* **Source material**:
■ ■ ■ ■ ■
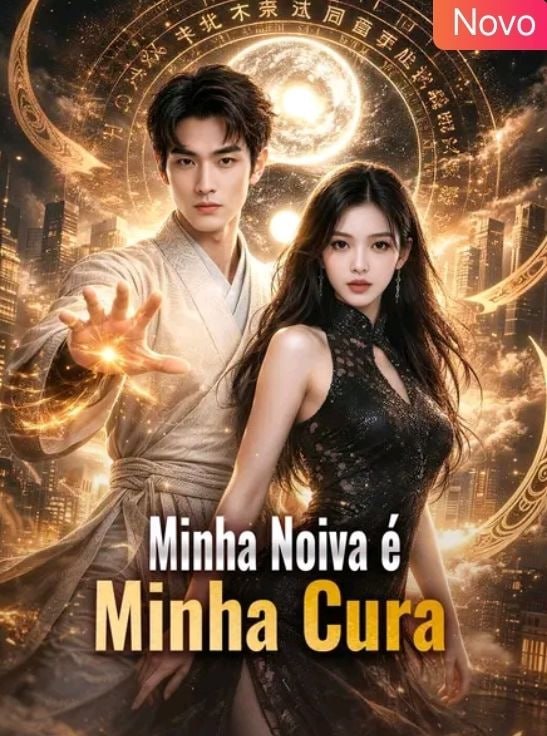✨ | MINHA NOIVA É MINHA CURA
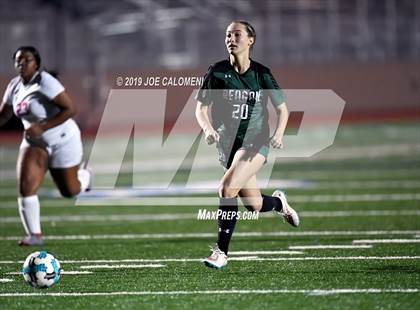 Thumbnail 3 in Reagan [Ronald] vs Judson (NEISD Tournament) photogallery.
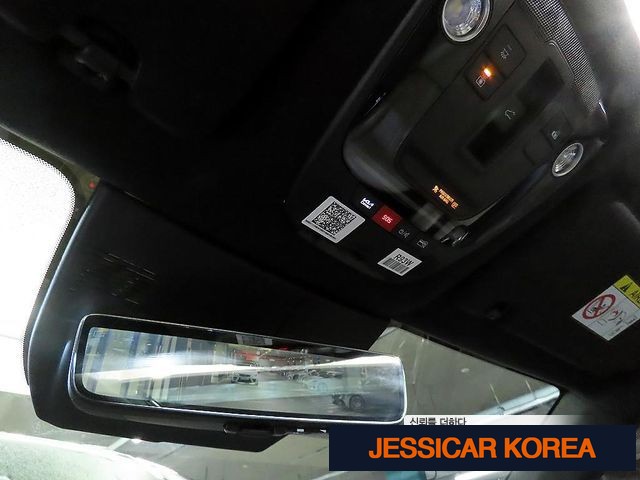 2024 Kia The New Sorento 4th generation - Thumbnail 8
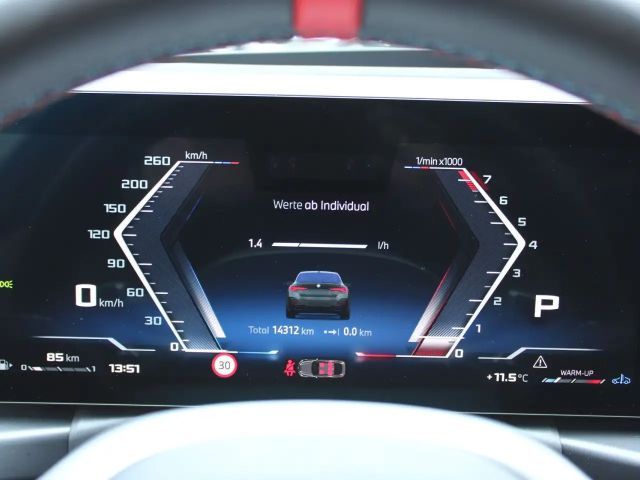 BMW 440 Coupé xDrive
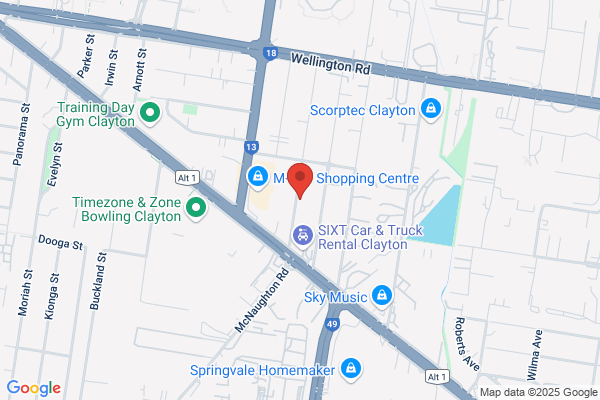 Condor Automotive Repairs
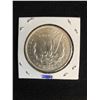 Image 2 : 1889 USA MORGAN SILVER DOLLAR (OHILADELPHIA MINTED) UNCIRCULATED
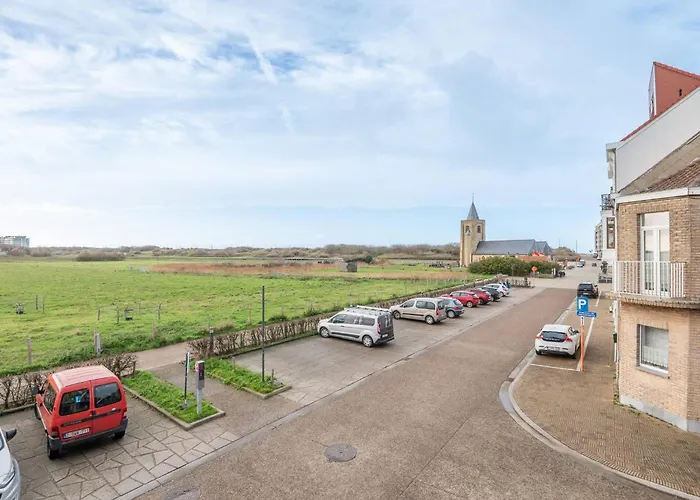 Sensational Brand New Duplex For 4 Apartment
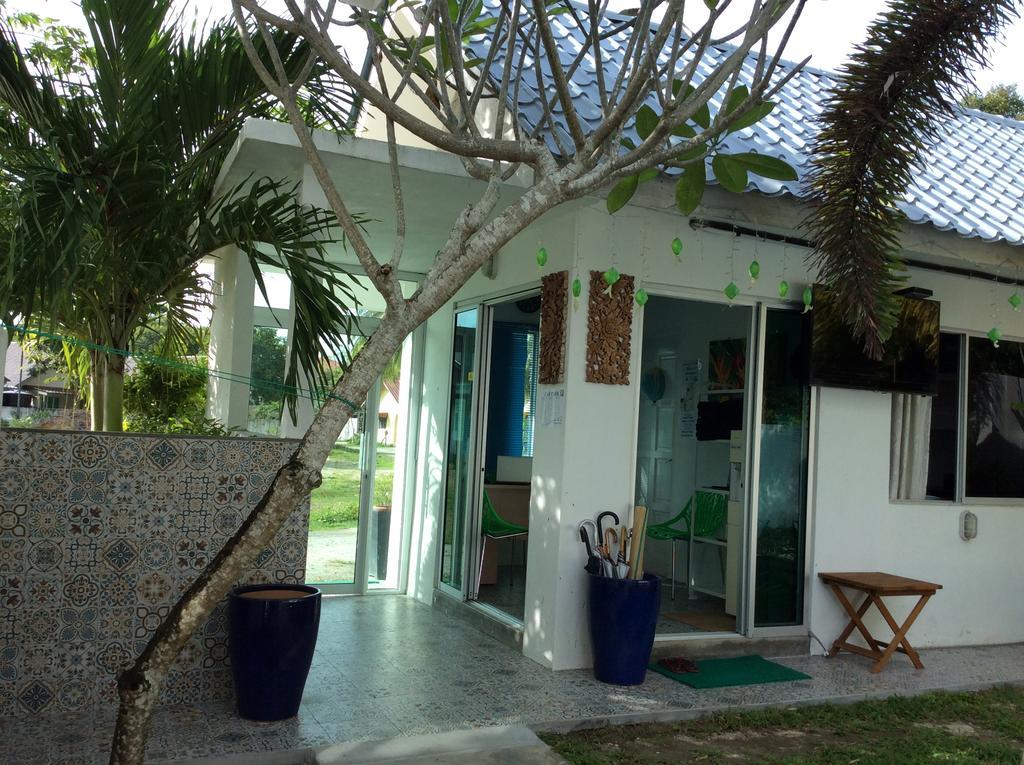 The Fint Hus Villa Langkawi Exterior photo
■ ■ ■ ■ ■
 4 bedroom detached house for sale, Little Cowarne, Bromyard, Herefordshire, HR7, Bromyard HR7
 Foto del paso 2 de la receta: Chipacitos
■ ■ ■ ■ ■
* **What the task asks**: From the records above, copy only the lines running from the line containing "Sensational Brand New Duplex For 4 Apartment" to the line containing "The Fint Hus Villa Langkawi Exterior photo", both ends included. Leave the pictures out.

* **Output below**:
 Sensational Brand New Duplex For 4 Apartment
 The Fint Hus Villa Langkawi Exterior photo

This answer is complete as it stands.